01.11.08

Words in Context: imbroglio, snit, and kowtow

Posted in Word in Context at 3:33 pm by Emmel Philips

A fun paragraph follows, again authored by Judge Easterbrook.

One senses from this prolonged silence, and the tenor of the SEC’s brief and oral argument, that the agency (or its senior staff) is in a snit because Presto declined to do what many other firms with excess liquid assets have done—apply to the agency for an exemption. See 15 U.S.C. § 80a-3(b)(2). (Microsoft, for example, holds more than 40% of its assets in the form of investment securities but received permission to operate outside the 1940 Act.) The agency’s counsel implied at oral argument that an exemption would have been forthcoming if sought.

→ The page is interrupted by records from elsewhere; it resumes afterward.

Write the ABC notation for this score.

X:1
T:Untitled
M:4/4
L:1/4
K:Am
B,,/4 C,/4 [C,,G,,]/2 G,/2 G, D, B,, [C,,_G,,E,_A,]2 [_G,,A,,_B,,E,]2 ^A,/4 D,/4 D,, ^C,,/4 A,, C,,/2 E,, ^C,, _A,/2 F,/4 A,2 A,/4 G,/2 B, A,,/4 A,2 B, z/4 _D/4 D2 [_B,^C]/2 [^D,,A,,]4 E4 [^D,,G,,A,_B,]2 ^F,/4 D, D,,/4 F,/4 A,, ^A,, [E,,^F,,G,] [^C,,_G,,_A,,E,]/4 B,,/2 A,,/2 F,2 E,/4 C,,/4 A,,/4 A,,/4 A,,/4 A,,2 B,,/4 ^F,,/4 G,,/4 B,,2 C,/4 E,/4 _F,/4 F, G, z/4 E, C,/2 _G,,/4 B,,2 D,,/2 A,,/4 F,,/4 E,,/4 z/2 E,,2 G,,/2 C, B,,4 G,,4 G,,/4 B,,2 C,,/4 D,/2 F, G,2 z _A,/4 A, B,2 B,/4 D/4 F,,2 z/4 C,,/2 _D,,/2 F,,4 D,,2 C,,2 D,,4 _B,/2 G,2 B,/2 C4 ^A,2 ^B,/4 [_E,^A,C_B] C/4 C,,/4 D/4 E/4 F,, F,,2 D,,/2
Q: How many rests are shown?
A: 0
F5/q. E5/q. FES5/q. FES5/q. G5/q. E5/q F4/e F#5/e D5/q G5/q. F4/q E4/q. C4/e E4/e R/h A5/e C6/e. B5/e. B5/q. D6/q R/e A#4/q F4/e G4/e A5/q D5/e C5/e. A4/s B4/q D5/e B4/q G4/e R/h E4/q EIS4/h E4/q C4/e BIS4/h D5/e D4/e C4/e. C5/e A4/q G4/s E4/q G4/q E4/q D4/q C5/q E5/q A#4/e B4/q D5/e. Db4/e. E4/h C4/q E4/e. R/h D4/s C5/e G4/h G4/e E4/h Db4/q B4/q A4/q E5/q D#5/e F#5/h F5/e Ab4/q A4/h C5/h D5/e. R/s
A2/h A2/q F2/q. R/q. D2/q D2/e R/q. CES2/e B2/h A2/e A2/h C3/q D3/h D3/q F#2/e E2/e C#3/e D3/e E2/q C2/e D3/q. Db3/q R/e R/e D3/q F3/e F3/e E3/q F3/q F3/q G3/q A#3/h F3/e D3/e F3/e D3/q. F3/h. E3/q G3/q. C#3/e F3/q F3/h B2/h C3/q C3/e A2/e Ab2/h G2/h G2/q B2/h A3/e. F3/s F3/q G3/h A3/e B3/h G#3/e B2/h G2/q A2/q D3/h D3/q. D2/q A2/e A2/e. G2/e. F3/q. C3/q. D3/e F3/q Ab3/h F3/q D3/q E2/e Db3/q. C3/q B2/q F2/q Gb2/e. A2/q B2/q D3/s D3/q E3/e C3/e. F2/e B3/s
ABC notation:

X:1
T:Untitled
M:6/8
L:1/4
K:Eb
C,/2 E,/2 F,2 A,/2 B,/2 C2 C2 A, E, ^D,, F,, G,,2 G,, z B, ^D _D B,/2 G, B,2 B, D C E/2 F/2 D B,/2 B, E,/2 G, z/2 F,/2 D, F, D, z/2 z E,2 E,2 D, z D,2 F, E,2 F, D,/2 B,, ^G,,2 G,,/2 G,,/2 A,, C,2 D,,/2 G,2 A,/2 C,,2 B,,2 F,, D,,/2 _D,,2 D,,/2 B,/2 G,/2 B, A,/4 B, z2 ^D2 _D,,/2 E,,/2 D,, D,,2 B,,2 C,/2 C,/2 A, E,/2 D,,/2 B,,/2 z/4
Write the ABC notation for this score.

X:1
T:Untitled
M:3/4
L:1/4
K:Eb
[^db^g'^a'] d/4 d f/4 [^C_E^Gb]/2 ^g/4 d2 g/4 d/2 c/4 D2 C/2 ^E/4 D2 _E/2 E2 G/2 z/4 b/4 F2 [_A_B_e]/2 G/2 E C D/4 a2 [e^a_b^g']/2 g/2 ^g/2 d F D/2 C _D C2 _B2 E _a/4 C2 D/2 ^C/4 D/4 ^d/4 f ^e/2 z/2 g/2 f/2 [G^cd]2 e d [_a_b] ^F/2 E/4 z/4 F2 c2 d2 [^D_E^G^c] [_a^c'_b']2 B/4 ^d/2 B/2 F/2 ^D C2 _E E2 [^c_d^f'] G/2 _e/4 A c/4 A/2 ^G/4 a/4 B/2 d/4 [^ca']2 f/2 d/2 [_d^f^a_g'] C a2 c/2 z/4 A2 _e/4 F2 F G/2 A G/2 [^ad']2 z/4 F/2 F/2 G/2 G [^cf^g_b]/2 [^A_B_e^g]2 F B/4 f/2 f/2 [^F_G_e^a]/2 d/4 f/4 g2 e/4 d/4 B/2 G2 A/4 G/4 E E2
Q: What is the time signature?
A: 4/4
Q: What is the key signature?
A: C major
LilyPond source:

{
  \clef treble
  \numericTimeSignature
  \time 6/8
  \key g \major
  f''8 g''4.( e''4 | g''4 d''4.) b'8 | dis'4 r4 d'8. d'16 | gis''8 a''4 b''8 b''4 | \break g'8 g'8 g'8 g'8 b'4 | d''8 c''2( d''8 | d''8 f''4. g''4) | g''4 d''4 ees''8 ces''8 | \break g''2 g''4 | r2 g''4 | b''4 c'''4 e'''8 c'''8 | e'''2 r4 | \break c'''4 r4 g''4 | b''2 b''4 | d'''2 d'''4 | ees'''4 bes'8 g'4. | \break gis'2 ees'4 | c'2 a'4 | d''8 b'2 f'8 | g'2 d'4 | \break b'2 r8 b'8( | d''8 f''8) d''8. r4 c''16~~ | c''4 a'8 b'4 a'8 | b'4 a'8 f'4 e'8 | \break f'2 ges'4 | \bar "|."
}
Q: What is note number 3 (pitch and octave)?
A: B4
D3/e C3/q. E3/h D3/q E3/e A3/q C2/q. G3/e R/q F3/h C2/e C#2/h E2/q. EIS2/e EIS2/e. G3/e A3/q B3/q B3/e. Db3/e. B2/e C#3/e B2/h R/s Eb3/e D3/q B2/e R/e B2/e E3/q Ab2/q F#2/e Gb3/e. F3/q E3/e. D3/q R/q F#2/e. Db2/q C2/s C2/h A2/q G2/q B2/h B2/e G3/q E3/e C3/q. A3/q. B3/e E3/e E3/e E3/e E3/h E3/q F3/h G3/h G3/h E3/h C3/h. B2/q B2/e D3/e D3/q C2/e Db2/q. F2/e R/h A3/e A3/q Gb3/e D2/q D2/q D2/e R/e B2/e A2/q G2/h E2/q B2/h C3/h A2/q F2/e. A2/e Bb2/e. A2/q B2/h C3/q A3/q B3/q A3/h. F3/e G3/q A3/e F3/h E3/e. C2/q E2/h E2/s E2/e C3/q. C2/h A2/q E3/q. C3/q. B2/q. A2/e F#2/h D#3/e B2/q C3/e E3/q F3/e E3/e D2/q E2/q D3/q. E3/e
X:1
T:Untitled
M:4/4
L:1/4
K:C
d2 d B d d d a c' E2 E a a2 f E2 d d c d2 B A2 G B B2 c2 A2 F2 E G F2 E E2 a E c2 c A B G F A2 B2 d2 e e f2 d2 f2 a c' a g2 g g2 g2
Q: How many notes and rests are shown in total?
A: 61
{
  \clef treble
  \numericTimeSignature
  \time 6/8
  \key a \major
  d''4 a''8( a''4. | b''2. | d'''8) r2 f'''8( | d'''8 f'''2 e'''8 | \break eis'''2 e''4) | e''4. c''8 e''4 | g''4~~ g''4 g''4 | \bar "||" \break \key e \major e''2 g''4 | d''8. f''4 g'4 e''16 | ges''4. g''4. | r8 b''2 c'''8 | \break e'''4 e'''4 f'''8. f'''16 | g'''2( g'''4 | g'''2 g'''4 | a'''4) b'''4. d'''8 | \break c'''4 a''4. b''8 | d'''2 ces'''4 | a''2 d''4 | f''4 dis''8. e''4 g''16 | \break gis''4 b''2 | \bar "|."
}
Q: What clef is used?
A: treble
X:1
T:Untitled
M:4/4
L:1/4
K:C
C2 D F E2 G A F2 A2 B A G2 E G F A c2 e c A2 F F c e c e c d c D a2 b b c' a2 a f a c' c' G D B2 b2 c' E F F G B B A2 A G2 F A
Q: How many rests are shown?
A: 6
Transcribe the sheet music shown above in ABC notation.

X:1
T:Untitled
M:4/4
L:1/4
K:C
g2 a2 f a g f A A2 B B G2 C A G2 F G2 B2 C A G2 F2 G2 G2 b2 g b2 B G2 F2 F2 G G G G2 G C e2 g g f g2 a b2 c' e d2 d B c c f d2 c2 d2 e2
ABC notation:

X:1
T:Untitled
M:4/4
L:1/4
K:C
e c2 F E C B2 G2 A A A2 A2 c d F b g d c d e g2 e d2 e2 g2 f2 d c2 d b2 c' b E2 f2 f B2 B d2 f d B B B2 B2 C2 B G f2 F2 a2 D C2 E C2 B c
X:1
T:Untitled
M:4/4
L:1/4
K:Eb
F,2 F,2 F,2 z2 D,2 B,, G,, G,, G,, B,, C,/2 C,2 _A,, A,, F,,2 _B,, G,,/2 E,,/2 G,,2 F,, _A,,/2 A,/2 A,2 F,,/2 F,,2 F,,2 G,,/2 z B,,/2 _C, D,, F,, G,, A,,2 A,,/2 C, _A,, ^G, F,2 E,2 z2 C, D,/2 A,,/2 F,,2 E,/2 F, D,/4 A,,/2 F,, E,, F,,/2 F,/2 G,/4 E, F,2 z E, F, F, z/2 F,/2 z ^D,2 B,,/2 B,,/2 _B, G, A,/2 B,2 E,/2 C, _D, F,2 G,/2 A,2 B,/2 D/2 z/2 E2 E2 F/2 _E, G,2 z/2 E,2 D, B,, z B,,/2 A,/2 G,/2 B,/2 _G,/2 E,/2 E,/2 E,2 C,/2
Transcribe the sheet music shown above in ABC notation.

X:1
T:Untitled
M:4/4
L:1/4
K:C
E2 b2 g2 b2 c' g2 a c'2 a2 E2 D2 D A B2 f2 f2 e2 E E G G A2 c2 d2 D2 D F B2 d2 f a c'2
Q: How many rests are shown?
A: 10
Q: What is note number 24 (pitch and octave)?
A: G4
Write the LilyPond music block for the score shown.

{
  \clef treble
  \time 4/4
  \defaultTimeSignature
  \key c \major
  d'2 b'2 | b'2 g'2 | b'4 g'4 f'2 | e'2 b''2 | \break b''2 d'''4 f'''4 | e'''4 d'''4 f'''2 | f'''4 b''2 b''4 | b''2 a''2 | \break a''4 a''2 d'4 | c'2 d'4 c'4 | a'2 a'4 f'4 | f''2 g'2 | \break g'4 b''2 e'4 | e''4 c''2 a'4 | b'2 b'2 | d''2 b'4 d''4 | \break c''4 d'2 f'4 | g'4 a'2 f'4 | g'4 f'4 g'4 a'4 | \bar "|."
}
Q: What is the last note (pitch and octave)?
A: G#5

Yet a firm’s refusal to kowtow to an agency is not a good reason to force its investors to bear unnecessary costs—for it is the investors who must pay to recreate the financial statements, though they did not contribute to this imbroglio—and keep a firm inappropriately registered, as Presto now is. Why is the SEC bent on grinding down a corporation that it appears to acknowledge would not mislead or otherwise injure investors by using the governance and reporting devices appropriate to an operating company?

SEC v. Nat’l Presto Indus., Inc., No. 05-4612 (7th Cir. May 15, 2007).  Given my preference for verbs, kowtow scores as my favorite word in the paragraph, although snit is fun (a bit informal?), and imbroglio is the one that sent me to double check the meaning. An imbroglio is an intricate or complicated dispute.